What I would like to do is replace all the following with 1 battery.
What I have right now is.
6- AA batteries - to motor driver to run the rover 5
1- 9 volt battery to power my Arduino
4- AA batteries to run the two servos
1- 3.7 volt lipo to run the FPV camera
Would it possible to have a larger battery and then have a multiple output voltage regulator ? I’m thinking about a lipo or a battery out of a RC truck?
No, a voltage divider is not a regulator! It can be used to scale down a voltage. But when you apply a significant load to the middle between the resistors then it effectively adds a parallel resistor on the bottom. Then it’s changes the scale down factor. No regulation at all.
You must uses proper linear or switchmode voltage regulators. The former ‘burns’ excess voltage away. The latter ‘transforms’ the excess voltage into extra current at the lower voltage and is more efficient for battery use.

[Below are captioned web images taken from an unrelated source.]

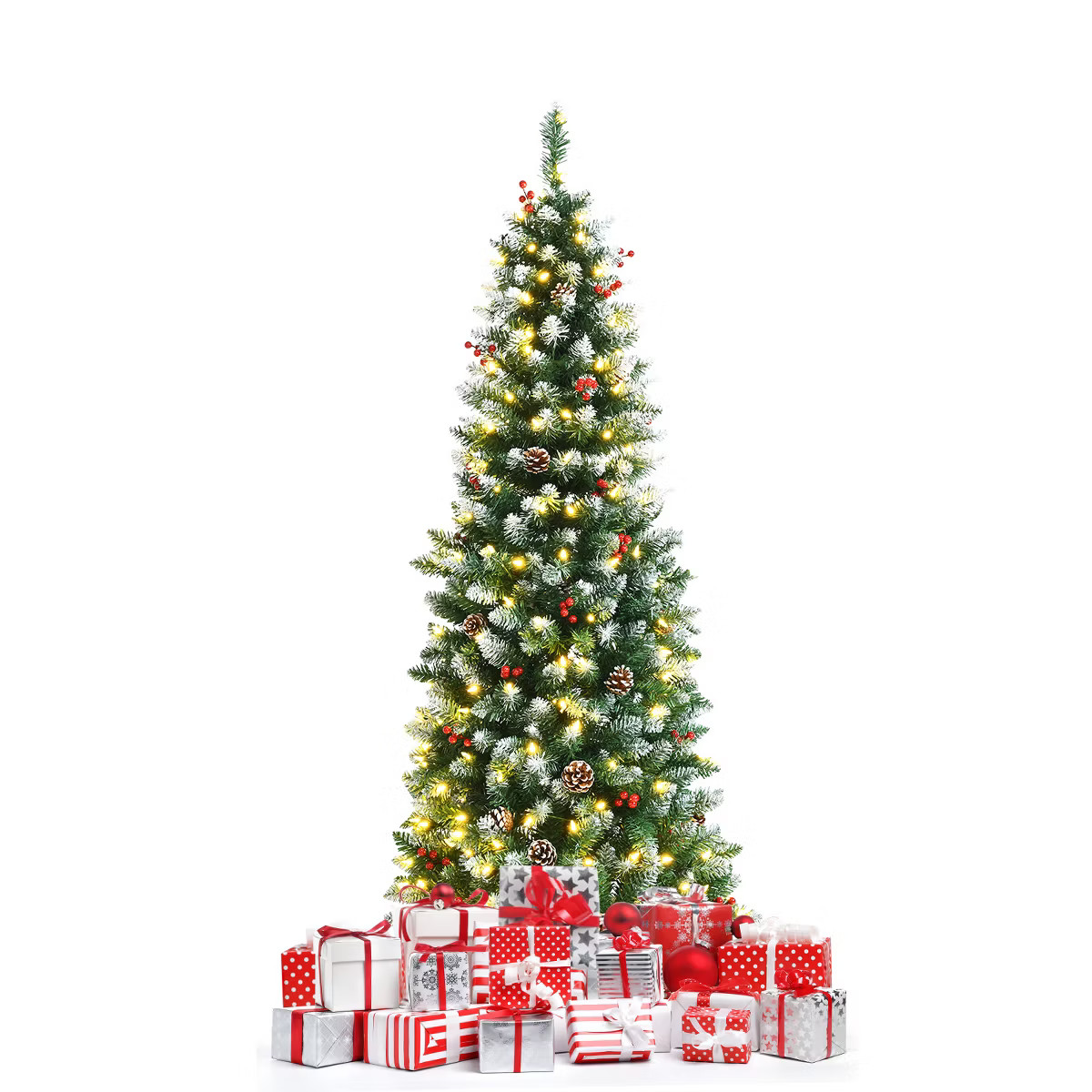 Tangkula 5ft Pre-lit Artificial Christmas Tree Slim Artificial Xmas Tree w/ 250 Replaceable LED L... | Target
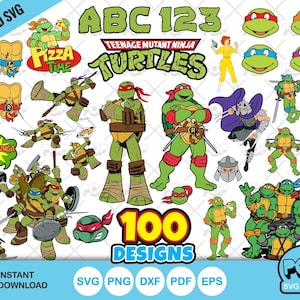 Clipart Tortues Ninja + alphabet, fichiers de découpe SVG Tortues Ninja Teenage Mutant Ninja, PNG, DXF, téléchargement immédiat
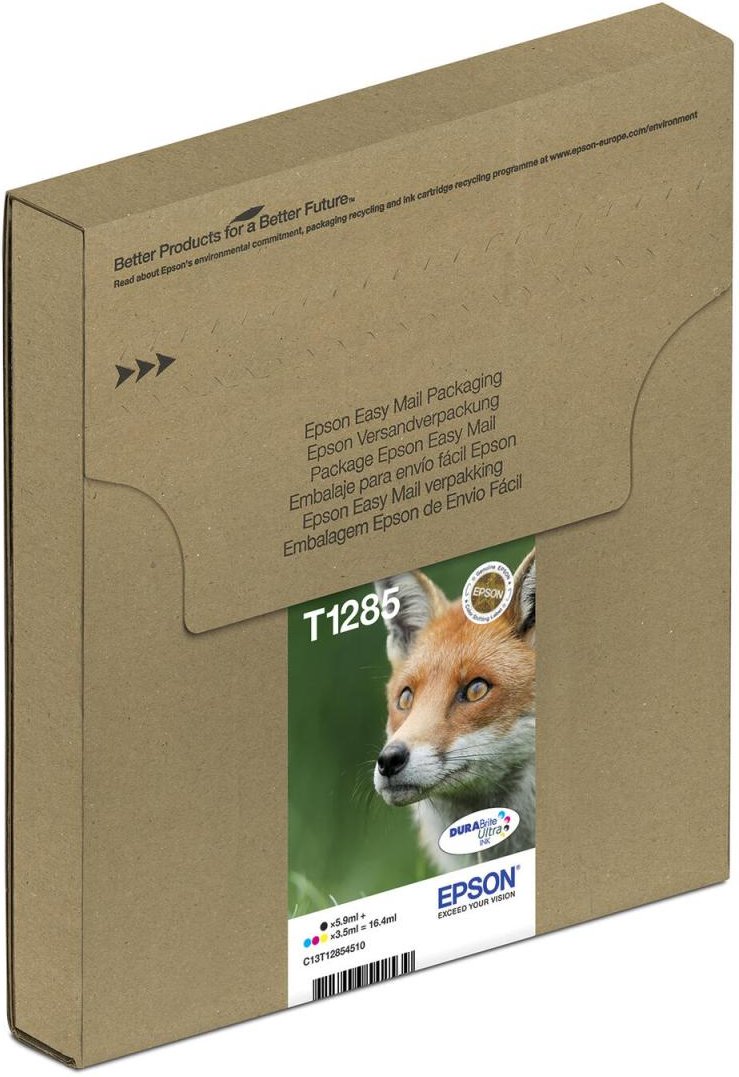 Epson Original Easy Mail Packing T1285 Fuchs Druckerpatronen 4er Multipack BK/C/M/Y (C13T12854511)
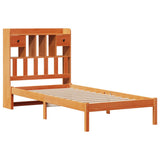 Bookcase Bed without Mattress Wax Brown 100x200 cm Solid Wood Pine 3321642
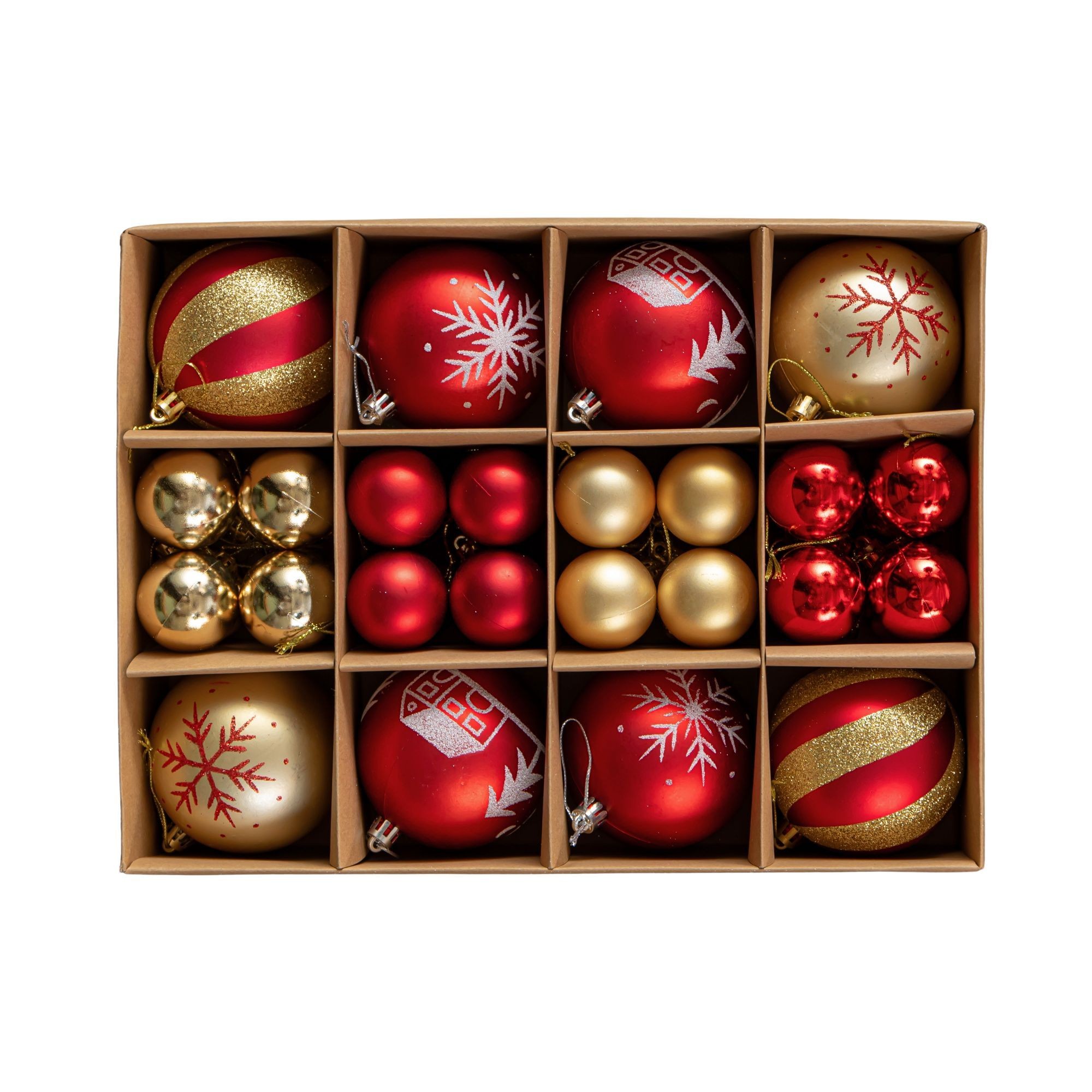 Set of 40 shatterproof Christmas tree baubles in red and gold, featuring various designs, including snowflakes and stripes, in two sizes, neatly arranged in a cardboard box.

In your case the Arduino UNO and motor-driver could be powered from the same 9-ish volt 6 AA battery pack. The motor driver usually does not need a fixed voltage, although it too will have it’s limits. The Arduino has it’s own linear voltage regulator and can easily handle the 9 volt, or even 12 volt. The others like the servo and the lipo/FPV camera will need their own voltage regulator down to their level. (you have not provided specifications so this is all guess work and expectations) All fed by the single large battery pack or each feeding the lower voltage in a cascade is possible.
What I have on hand is a 7.2 volt Nimh 5000 mah battery stick, out of a RC truck.
This is what I was thinking about:
Powering the Rover 5 motors and the Arduino board from the 7.2 volt 5000 mah Nimh battery.
And maybe using two adjustable Buck Converters, one to go from the 7.2 volt to 6 volts to run the two s90 micro servos and the other to go from the 7.2 volt battery to 3.7 volt for the PFV camera.
7.2 volt is barely enough for the barrel jack or Vin/Raw power input of the Arduino uno. Consider what happens when the motors draw significant current (voltage drops) or the battery is almost empty (7.2 volt is average level). The Arduino Uno voltage regulator may not be able to sustain the 5 volt and drop below it. The buck converters for the servo or FPV camera will probably adjust for it. But you don’t want the brain of the robot to go into a temporary coma. Feeding the Arduino Uno with it’s own 5 volt buck converter (bypassing the onboard linear regulator) might be a solution. But remember that switching voltage regulators do have more noise on the output. Sensors might suffer from that.